Saturday, November 01, 2003

Yesterday afternoon Bob, Cyndi, and I went to see Fiji lose in the last moments to a boring Scotland team, which now advances to the quarterfinals, while the exciting Fiji side goes home. The game was fine, and the whole scene was something quite different from the American model, in subtle ways. A Scottish bagpipe band was playing outside the stadium when we arrived. Many men in kilts paraded by. It was a sunny afternoon and we had a good time, after driving up from Canberra, mostly on the highway, but through the countryside at times, so Cyndi could keep an eye out for birds and other wildlife.
After the game we drove on to Manly, a beach suburb of Sydney, across the harbour from the city, named for characteristics of the local indigenous people, according to the British colonists' way of seeing them. It's an ultimate spot for middleclass hedonists, modeled in some ways on the English, Brighton model, but with a much loser feel to it, thanks to the Australian attribute of presumption of being a fortunate people, given to sun and, judging by the style of the crowds milling about on the beach, wharf area, and esplanades, easily given to the pleasures of the flesh, much of which is constantly on view.
We walked over a short way to the cricket stadium, where the local city council had set up a huge video screen so the people of Manly, plus international visitors here for the Rugby World Cup, could watch the Ireland vs.

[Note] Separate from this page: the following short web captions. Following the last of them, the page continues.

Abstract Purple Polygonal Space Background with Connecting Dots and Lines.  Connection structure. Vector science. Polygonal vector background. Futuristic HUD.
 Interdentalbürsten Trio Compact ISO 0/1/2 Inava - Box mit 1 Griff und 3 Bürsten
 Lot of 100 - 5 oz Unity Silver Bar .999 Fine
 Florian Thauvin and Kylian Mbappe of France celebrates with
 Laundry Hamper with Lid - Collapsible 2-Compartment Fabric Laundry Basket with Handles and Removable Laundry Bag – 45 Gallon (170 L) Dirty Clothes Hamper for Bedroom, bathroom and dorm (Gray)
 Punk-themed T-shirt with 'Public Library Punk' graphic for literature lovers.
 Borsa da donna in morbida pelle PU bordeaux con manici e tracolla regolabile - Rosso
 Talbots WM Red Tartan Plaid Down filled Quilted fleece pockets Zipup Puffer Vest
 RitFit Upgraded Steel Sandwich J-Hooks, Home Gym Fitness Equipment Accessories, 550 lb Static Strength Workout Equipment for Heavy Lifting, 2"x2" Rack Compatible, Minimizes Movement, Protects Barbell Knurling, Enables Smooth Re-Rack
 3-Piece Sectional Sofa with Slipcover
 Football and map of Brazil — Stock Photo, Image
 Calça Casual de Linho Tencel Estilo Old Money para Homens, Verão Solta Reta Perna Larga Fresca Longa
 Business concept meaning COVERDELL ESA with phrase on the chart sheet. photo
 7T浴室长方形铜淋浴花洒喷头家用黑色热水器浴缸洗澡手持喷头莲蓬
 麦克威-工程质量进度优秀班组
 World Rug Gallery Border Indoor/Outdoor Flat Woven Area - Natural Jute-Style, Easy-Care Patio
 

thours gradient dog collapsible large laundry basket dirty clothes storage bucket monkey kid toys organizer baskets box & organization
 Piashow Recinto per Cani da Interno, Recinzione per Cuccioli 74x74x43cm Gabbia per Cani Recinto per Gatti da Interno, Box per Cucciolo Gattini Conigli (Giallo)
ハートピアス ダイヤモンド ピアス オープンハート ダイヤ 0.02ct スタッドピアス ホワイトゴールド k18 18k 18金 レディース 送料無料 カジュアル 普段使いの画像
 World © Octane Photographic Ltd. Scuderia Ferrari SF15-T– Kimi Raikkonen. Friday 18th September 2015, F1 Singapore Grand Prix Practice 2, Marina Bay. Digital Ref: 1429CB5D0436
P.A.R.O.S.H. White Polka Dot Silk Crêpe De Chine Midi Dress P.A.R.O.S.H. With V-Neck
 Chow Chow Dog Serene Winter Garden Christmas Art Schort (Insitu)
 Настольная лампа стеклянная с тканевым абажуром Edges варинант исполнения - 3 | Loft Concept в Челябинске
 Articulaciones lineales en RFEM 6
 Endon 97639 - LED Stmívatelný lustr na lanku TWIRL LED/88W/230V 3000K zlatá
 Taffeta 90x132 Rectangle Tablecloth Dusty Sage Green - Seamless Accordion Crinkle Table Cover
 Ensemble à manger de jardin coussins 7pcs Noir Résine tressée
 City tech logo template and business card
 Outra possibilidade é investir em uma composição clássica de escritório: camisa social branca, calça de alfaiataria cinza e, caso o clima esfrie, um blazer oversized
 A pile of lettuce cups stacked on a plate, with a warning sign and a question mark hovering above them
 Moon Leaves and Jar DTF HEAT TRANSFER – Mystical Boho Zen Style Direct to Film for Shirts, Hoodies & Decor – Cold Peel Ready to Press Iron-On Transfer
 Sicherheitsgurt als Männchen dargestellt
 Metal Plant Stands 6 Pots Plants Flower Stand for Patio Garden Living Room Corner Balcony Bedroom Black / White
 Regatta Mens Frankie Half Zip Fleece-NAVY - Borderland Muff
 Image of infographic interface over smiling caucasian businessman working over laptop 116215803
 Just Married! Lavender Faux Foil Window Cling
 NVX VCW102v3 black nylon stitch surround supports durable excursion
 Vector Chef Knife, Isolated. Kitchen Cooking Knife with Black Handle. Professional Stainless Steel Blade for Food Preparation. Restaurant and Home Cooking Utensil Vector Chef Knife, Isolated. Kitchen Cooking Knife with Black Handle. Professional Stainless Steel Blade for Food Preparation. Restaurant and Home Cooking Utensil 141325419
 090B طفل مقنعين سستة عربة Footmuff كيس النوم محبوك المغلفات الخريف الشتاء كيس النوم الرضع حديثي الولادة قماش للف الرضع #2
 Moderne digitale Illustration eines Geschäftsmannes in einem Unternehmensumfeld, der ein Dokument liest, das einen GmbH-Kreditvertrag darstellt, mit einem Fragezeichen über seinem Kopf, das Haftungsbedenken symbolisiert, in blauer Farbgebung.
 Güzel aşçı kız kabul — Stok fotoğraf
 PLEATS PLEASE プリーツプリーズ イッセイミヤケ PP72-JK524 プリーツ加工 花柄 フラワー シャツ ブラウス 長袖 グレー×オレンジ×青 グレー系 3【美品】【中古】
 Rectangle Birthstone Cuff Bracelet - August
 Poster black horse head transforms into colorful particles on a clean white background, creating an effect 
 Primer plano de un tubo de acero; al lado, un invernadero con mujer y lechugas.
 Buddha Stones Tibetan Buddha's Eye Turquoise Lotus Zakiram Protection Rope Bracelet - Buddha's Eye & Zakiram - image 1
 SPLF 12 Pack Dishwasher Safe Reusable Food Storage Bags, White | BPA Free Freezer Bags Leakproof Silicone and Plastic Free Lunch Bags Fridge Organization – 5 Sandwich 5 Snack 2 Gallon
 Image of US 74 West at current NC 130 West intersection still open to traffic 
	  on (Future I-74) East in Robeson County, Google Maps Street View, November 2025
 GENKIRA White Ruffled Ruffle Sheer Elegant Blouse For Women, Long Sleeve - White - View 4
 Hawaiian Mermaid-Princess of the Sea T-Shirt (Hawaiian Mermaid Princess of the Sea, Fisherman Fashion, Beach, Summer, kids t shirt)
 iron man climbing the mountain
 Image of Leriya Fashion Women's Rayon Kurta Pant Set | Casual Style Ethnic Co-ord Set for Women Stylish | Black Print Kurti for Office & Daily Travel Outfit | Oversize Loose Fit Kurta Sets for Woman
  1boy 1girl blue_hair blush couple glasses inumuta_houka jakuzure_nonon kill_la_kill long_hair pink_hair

Australia game. A sizable crowd was splayed all over the oval and in the stands, cheering the virtual. The mob consisted in good part of drunken rugby fans, tossing back cans of beer on sale there, and then leaving the cans wherever they stood. But another large proportion of the crowd was teenagers - on dates or in bunches. It must just be my age and rearing, but the sight of so many bared and/or tattooed belly buttons, backs, arms, and chests constantly surprises me. I presume it would horrify many of the young ladies' parents, too, if they saw what they went out in. Whatever...
We stopped on the way back, on the Corso, an esplanade through the middle of Manly, to admire the "flying foxes," a variety of fruit bat as large as seagulls, disporting on and about the fig trees, screeching at each other in objection to pilfered fruit, or stolen favorite boughs. They flew just overhead, but no-one other than us, and perhaps two other tourists, paid them any heed, at all. They come into Sydney suburbs each evening in huge flotillas from bushland not far away, moving through the air eerily soundless and light on trees, weighing down the branches almost to the ground.